Güncel plastik teknolojisi insanlara faydalı ama dünyaya çok zararlı. Petrol bazlı olduğu için bir karbondioksit kaynağı ve atık halde de yeterince geri dönüştürülemediği için denizlerimizi doldurarak yaşamın yok olmasına sebep oluyor. Hollanda kökenli tasarımcılar Eric Klarenbeek ve Maartje Dros, son üç yıldır geliştirdikleri yeni plastik çeşidi ile bu gidişata bir dur demek isteyen iki yenilikçi. Su yosunu bazlı bu plastik, sentetik plastiğin yapabileceği her şeyi yapıyor ve havadaki karbondioksiti temizlemeye de yardımcı olabilir.
Klarenbeek ve Dros bu konuda çalışmalar yaparken, çeşitli biyolojik materyalleri gözden geçirmişler. Mycelium (mantar), patates nişastası, hindistan cevizi kabukları ve son olarak da su yosunu. Su yosunu doğal ortamında harika bir karbindioksit temizleyici filtre görevi yapmakta. Havadan karbondioksiti emip, karbonu fotosentez yolu ile nişastaya çevirip oksijeni tekrar atmosfere salıyorlar. Araştırmacılar ise bu nişastayı üç boyutlu baskıda kullanılabilecek bir polimere çevirmeyi keşfetmişler.
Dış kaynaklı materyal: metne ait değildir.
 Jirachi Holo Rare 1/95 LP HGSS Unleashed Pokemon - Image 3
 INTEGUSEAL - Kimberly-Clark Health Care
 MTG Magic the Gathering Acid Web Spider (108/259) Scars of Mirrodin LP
Bu su yosunu polimerinden her türlü şey üretmek mümkün. Şampuan şişelerinden tabaklara, çöp kovalarından saksılara kadar. Polimeri elde etmek için su yosununu kurutuyorlar, toza çeviriyorlar ve bağlayıcı görevi yapan bir başka çeşit biyopolimer ile birleştiriyorlar. Ortaya çıkan karışım üç boyutlu yazıcılarda kullanıma uygun bir biyoplastik haline sokuluyor. Bu karışımın formülü gizli ama polimeri modifiye ederek her türlü renk, doku veya direnç unsuru eklenebilmekte olduğu belirtiliyor. Ekip bu işlem için öncelikli olarak mavi-yeşil bir su yosunu türü olan ‘Spirulina’ kullanıyor. Yosunlar Fransa’nın güneyinde çalışan bir dizi üreticiden alınmakta.
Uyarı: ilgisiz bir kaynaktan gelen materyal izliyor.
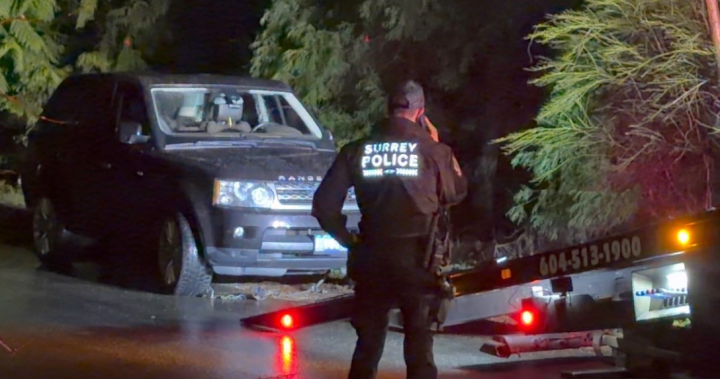 3 arrested after early-morning shots fired in Surrey, police suspect extortion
Klarenbeek ve Dros dünyanın temizlenme sürecine başlayabilmesi için, sıfır emisyon değil negatif emisyon politikalarına ihtiyaç olduğunu savunmakta. Hedefleri yerel üreticilerin bu materyali kendi ülkelerinde kullanmaları ve alternatif bir plastik üretim endüstrisi oluşturmaları. Üretim yöntemi olarak üç boyutlu yazıcıları seçmelerinin nedeni ise hem pratik olması, hem de neredeyse günlük hayatta kullanılan her nesneyi basabilecek cihazlara sahip olmamız.
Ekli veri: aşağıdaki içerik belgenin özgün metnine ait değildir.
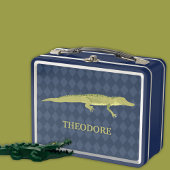 Green Alligator realistische Grafik Personalisiert Metall Brotdose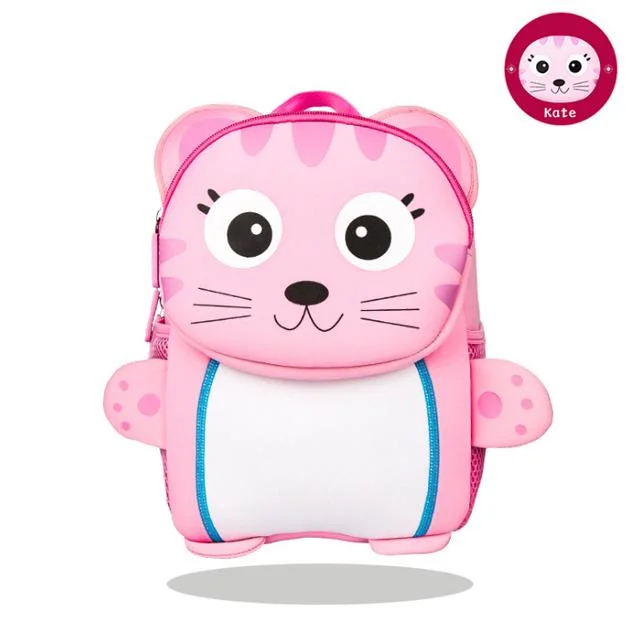 Toddler Backpack Waterproof Children School Backpack Neoprene Animal Schoolbag Lunch Box Carry Bag for Boys Girls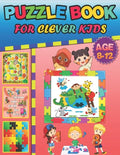 Puzzle book for clever kids age 8-12: Kids activity book - Word Search, Sudoku, Trivia, Tic tac toe, Mazes and Coloring pages - Paperback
Ekip halen Fransa’nın Arles şehrindeki stüyoları LUMA’da bunun denemelerini yapıyor. Bir evde kullanılabilecek tüm eşyaları, aletleri ve ürüleri su yosunu bazlı biyoplastik ile basıyor ve 3D modellerini hazırlayıp depoluyorlar. Bundan sonraki hedef dünya çapında bir bağımsız ağ oluşturup bu yöntemin yayılmasını sağlamak olacak. Ayrıca yerel üreticilere su yosunundan nasıl plastik yapabilecekleri bilgisini de aktaracaklar. 10 yıl şu andan itibaren böyle bir hedef için kısa görünüyor olabilir ama bir yerlerden başlanması lazım.